▶ **What you should do**: Could you output the whole listing exactly as it stands, minus any images?

▶ **Data excerpt**:
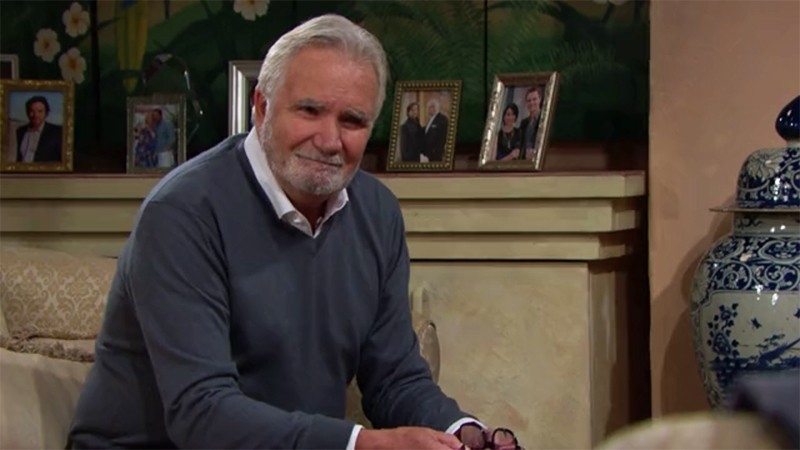 Eric (John McCook) reçoit une visite surprise à la Villa Forrester. Amour, Gloire et Beauté/Top Models,
                     épisode 8415 (8 décembre 2020,
CBS)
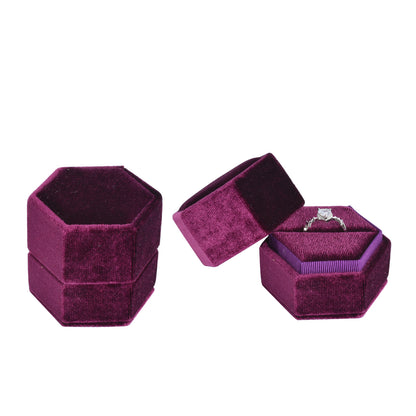 Caja de terciopelo para anillos hexagonales de color rojo toscano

▶ **Solution to the exercise**:
 Eric (John McCook) reçoit une visite surprise à la Villa Forrester. Amour, Gloire et Beauté/Top Models,
                     épisode 8415 (8 décembre 2020,
CBS)
 Caja de terciopelo para anillos hexagonales de color rojo toscano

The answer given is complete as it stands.